Interviste impossibili 2

MARCO RAVENNA DIALOGA CON MICHELANGELO BUONARROTI


Una stanza senza tempo. L’aria odora di pietra umida e pigmento. Due figure si fronteggiano: Michelangelo, tra martelli e scalpelli; Marco Ravenna, accanto al suo banco ottico Linhof, piegato come una lente medievale. Il dialogo è franco, acuminato, ma attraversato da un rispetto sottile.


Michelangelo (con sguardo obliquo):

Dunque, Messer Ravenna… voi non create nulla, dite. Fotografate. Ma che pretesa è questa, d’essere chiamati artisti?

Marco Ravenna:

Nessuna pretesa, Maestro. Io fotografo l’opera degli altri. Ma non lo faccio alla leggera. Lavoro con rigore, come chi sa di essere responsabile di un’immagine destinata a durare nel tempo. Ogni scatto implica scelte: luce, lente, distanza, resa cromatica. E rispetto. Ho lavorato così per decine d’anni, in pellicola di grande formato, accanto a studiosi, restauratori, critici. Più di cento volumi, e collaborazioni con realtà come l’Enciclopedia Treccani.

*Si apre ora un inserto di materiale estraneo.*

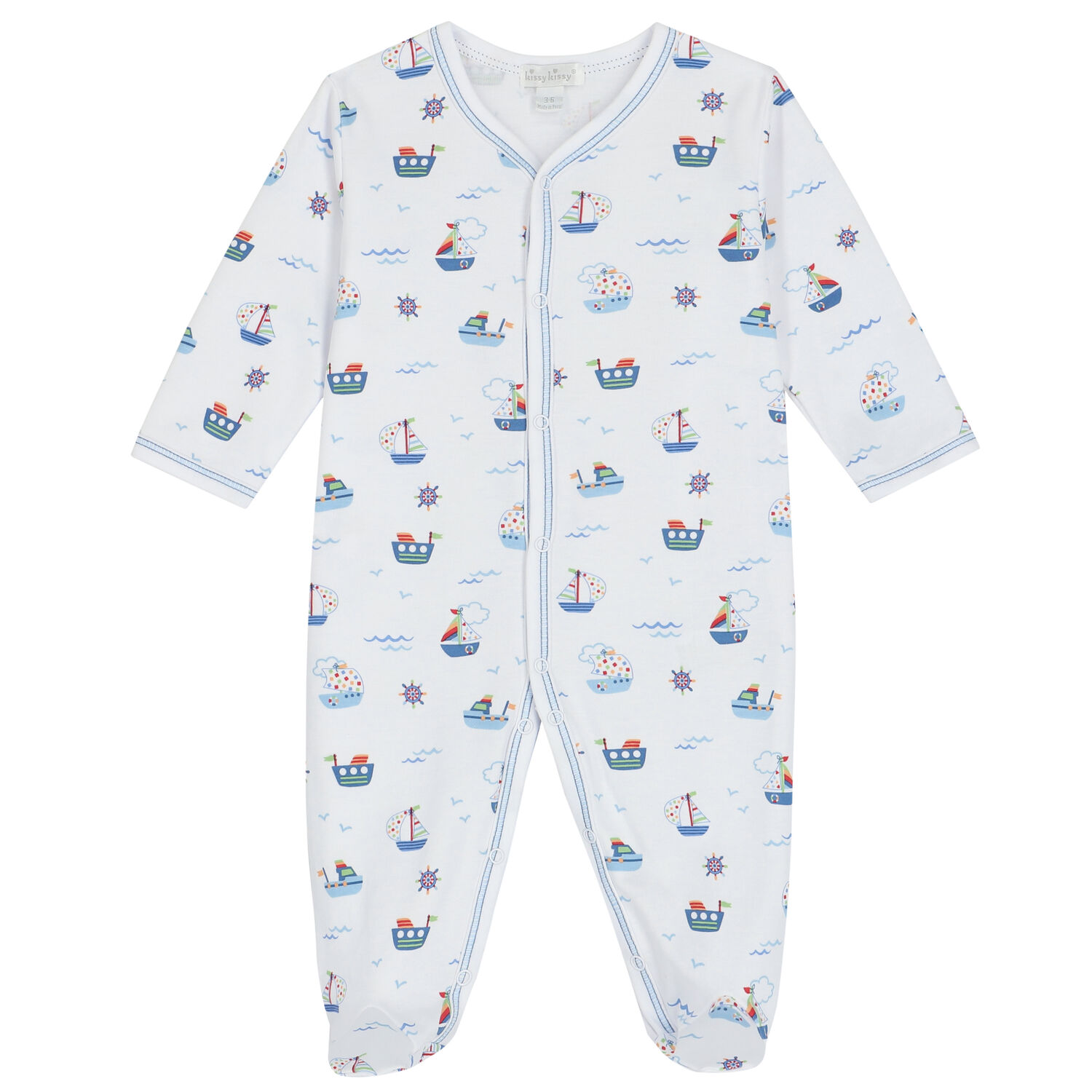 Baby Boys White Boats At Sea Babygrow, 1, hi-res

Michelangelo (accigliandosi):

Collaborazioni… Anche a me il Papa chiedeva collaborazioni. Ma non capiva cosa gli stavo donando. Volevano il potere delle immagini, ma non la verità che portavano con sé. Volevano possedere l’arte, ma non ascoltarla.


Marco Ravenna (conferma):

Accade anche oggi. I committenti chiedono immagini, ma non sempre capiscono cosa comporta crearle. Non vedono l’attenzione, la fatica, la precisione necessaria. Molti non sanno che fotografare un’opera significa anche interpretarla tecnicamente, senza alterarla, senza tradirla. Altri fanno finta di non saperlo.


Michelangelo:

E pagano male, immagino?

Marco Ravenna:

Spesso con negligenza o presunzione. Ci sono litigi, pretese fuori misura, ignoranza delle condizioni tecniche e artistiche. E la legge — quella moderna — non ci protegge. La fotografia d’arte, in Italia, è quasi invisibile nella normativa. È un lavoro di frontiera, necessario ma poco riconosciuto.


Michelangelo (più comprensivo):

Allora siamo simili, voi ed io. Anch’io ho litigato con papi che volevano il Giudizio Universale ma non tolleravano il giudizio che conteneva. L’arte li spaventava, la luce li infastidiva.

Voi non scolpite la materia, è vero. Ma la vedete, la custodite. E la fate vedere agli altri.

Marco Ravenna (sorridendo):

Sì. Scolpisco la luce, Maestro. E provo, nel mio piccolo, a restituire alle opere quello che meritano: tempo, silenzio, attenzione. E dignità.


Michelangelo (con mezzo sorriso, mentre torna al blocco di marmo):

Forse vi prenderanno per pazzo, come fecero con me. Ma se la luce è la vostra pietra, allora andate avanti.

E ricordatevi: l’arte non si fa per chi comanda. Si fa per chi capisce.